I had one that went with the 034/036 when it got traded .I didn't have any problem with the bar .I'm not however real fond of the chain .
 
So whats up with the chain guys? Is it to soft and wont stay sharp? Just wondering. I'm still buying rolls of oregon and stihl. But wondered if this stuff was good enough for firewood cutters.
 
I bought the stuff ,chain when Baileys had a sale on it a few years back .I just can't get it to cut like Oregon for some reason They might have changed the geometry on it by now for all I know .It was like a 2o" ,72 driver loop for a tad over 10 a pop .

To begin with I filed a 10 up like Oregon which made it worse . Then Frank,TW's dad told me it was straight across like Stihl which was better but still not as good .Fact being it was what was on the 038 Mag at the GTG which is why it cut terrible .Didn't pay any attention to the chain I stuck on it prior to departure

The way I run a saw which is rather easy handed I don't like to have to hook the dog and bear into it like it was a geardrive .
 
I file it straight across with ok results. Edge holds pretty good. Better than Oregon but shy of Carlton or Stihl.
The cutters do have a goofy angle to them though. They also get hung up in the Granberg on the starter side. They catch on the side of it.
The teeth looked poorly manufactured. Some warped and almost looking like missing a chunk.
Supposed to take a 7/32 file to sharpen and it won't fit first sharpen between the raker and tooth. So you start them with a 13/64ths.
Just little quirks ... and I have a thing about quirks.
It just seemed to me that the quality of the product was what turned me off. That and needing a file size out in the woods that I did not have at the ready after I had hiked in quite a ways.
 
Another thing ! I have one chain that for reasons unknown blowed the heel off of several cutters on the cut side .Usually they blow off the other side if at all .I didn't hit anything I knew of like a rock or iron .

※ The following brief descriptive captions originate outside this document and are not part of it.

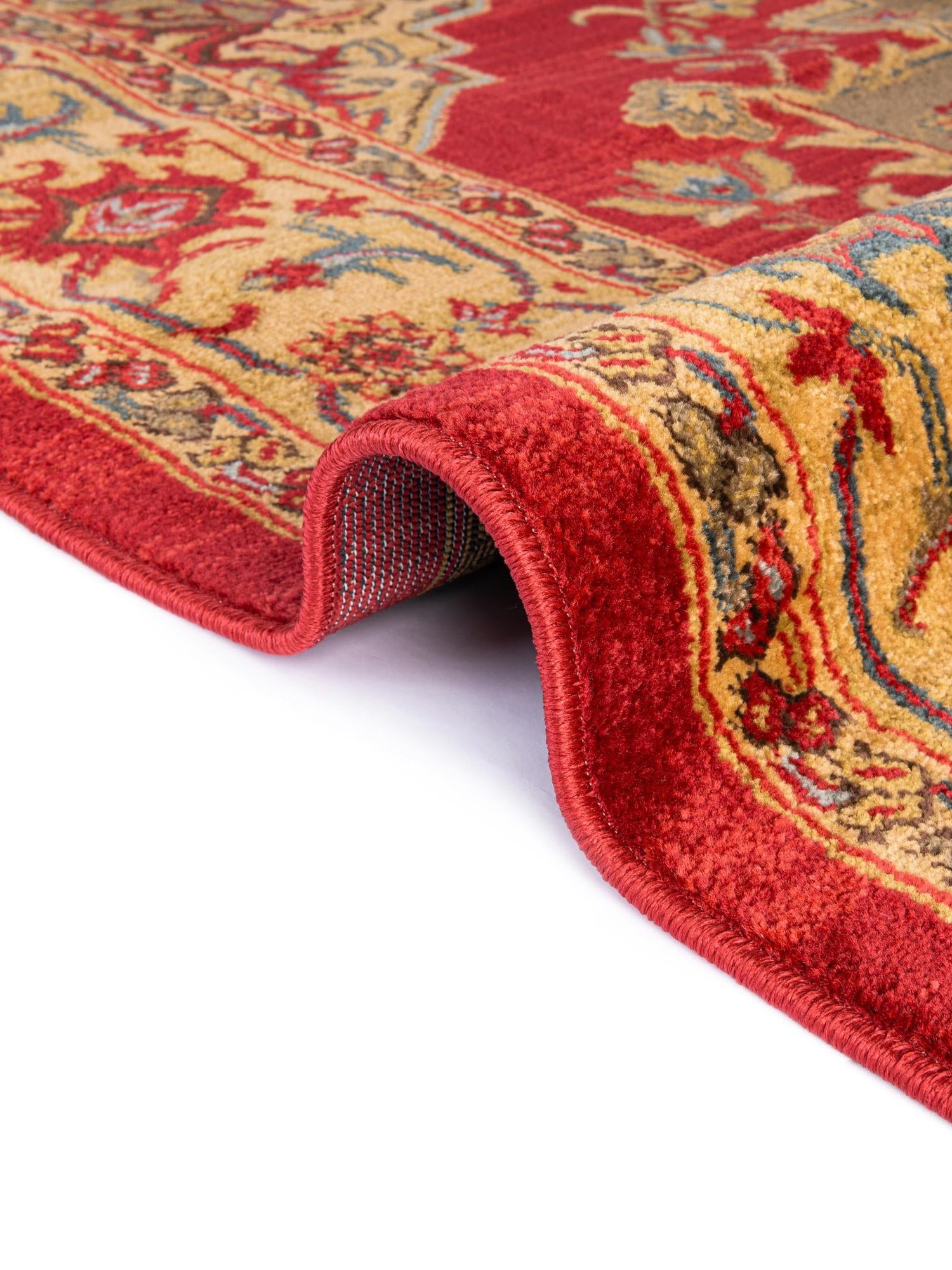 Red 3' 1 x 5' 3 Sahand Rectangle Area Rug Affordable Easy Clean Traditional Design Durable Carpet for Home Interior Design Living Room Dining Office for Sale at Rug Engine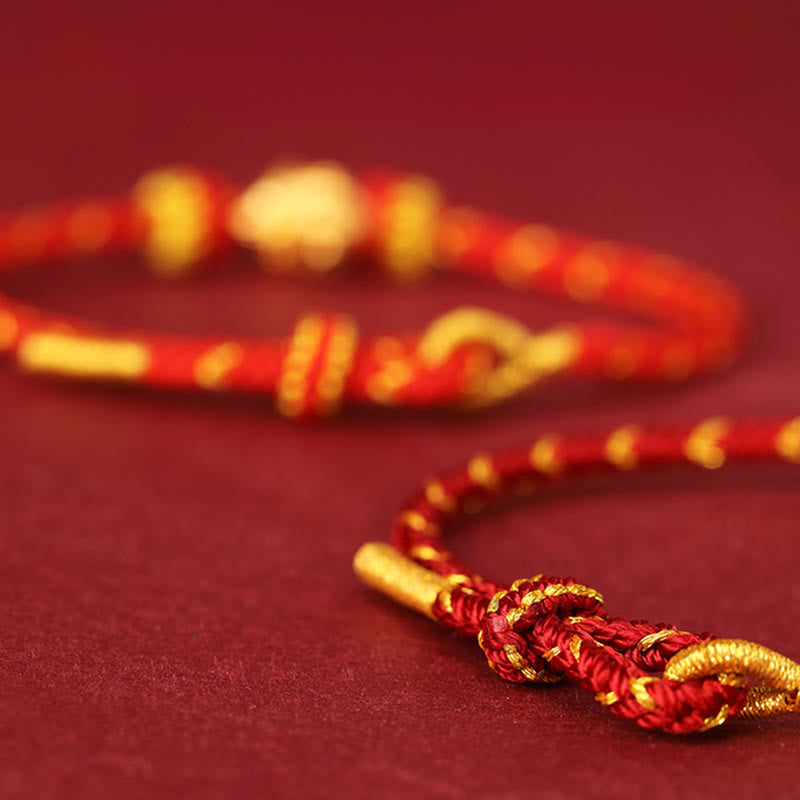 999 Gold Year of the Horse Braided Red String Adjustable Bracelet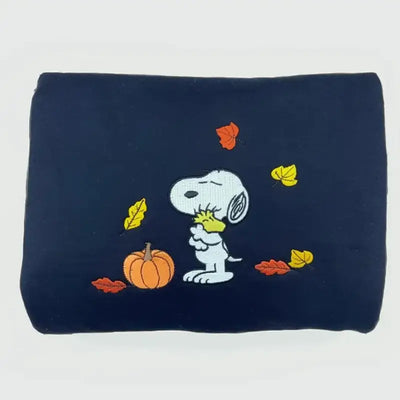 Embroidered Fall Sweatshirt with Vintage Halloween Peanuts Snoopy Pumpkin Design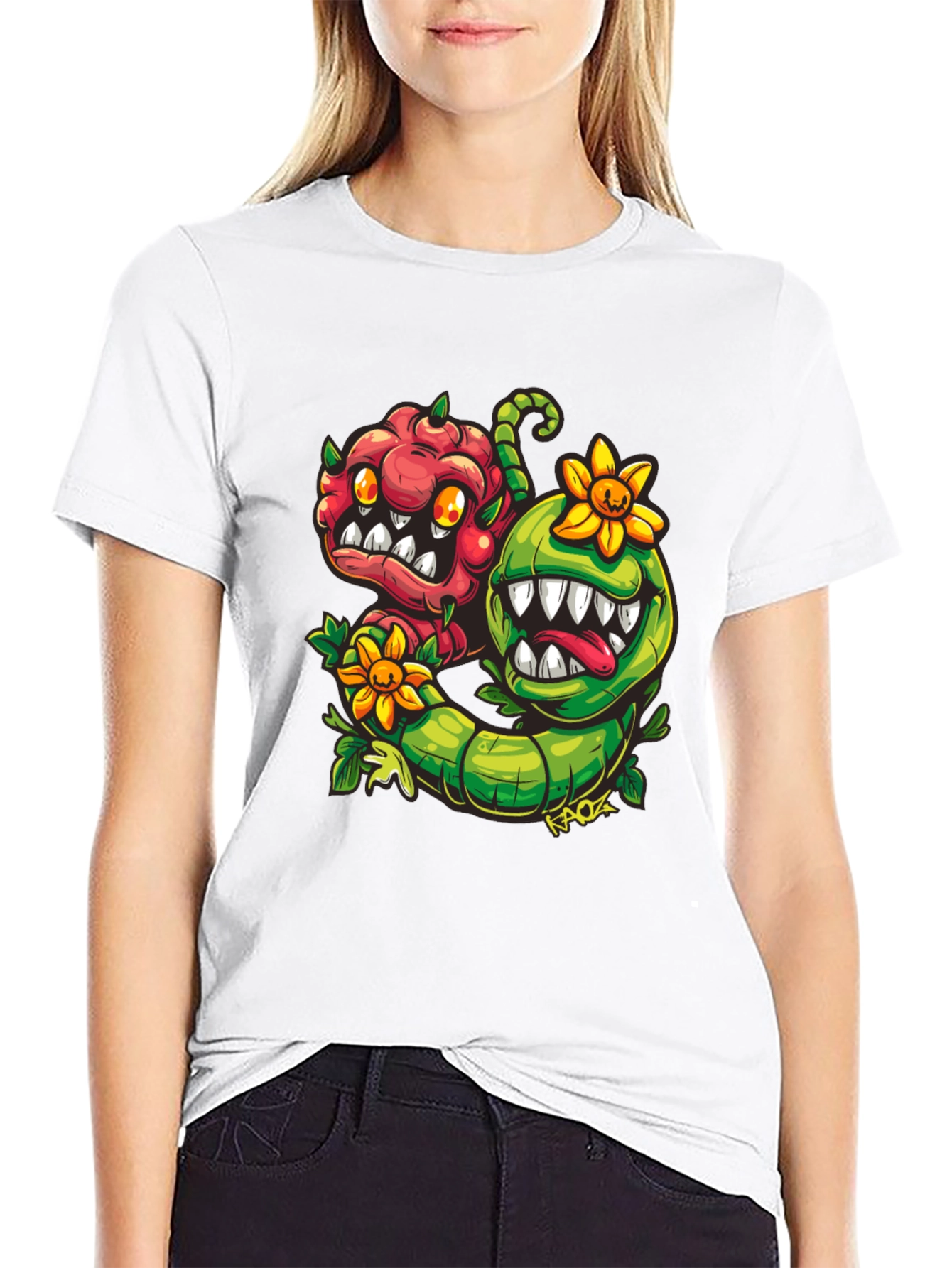 Black Cartoon Monster Plant T-Shirt - Black view 9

They cut okay until the first time I filed them .Now damn it I know how to file a chain but evidently not that chain .
 
Took some pictures of a 16" B&C combo I bought 4 of. Try em out sorta thing. I will correct myself on my earlier post. I ended up needing to start the chain with a 13/64th round file before setting a 7/32nds after about 3 touch ups. That or file the cutting teeth back.
The bar I have on the 026 is holding up fine. I brush, thin and use this saw at the chipper. The bar and chain will take a beating in those environments in my world. You can see in the pics what I meant about the teeth are a tad rough cast. Whose chain is marked C1? Woodland Pro is marked A1 as I recall and it is re-badged Carlton?
 

Attachments

  • PC170004.jpg
    PC170004.jpg
    90.4 KB · Views: 6
  • PC170005.jpg
    PC170005.jpg
    91.4 KB · Views: 6
  • PC170006.jpg
    PC170006.jpg
    38.1 KB · Views: 8
  • PC170007.jpg
    PC170007.jpg
    44.8 KB · Views: 8
  • PC170009.jpg
    PC170009.jpg
    75 KB · Views: 8
I just put a new 20" forester replaceable tip that looks just like a oregon powermatch copy on a partner 550. This guy is rough on saws and equipment and just a heavy firewood cutter year round.
This should tell me something about the bars from heavy use when it comes in for repairs etc.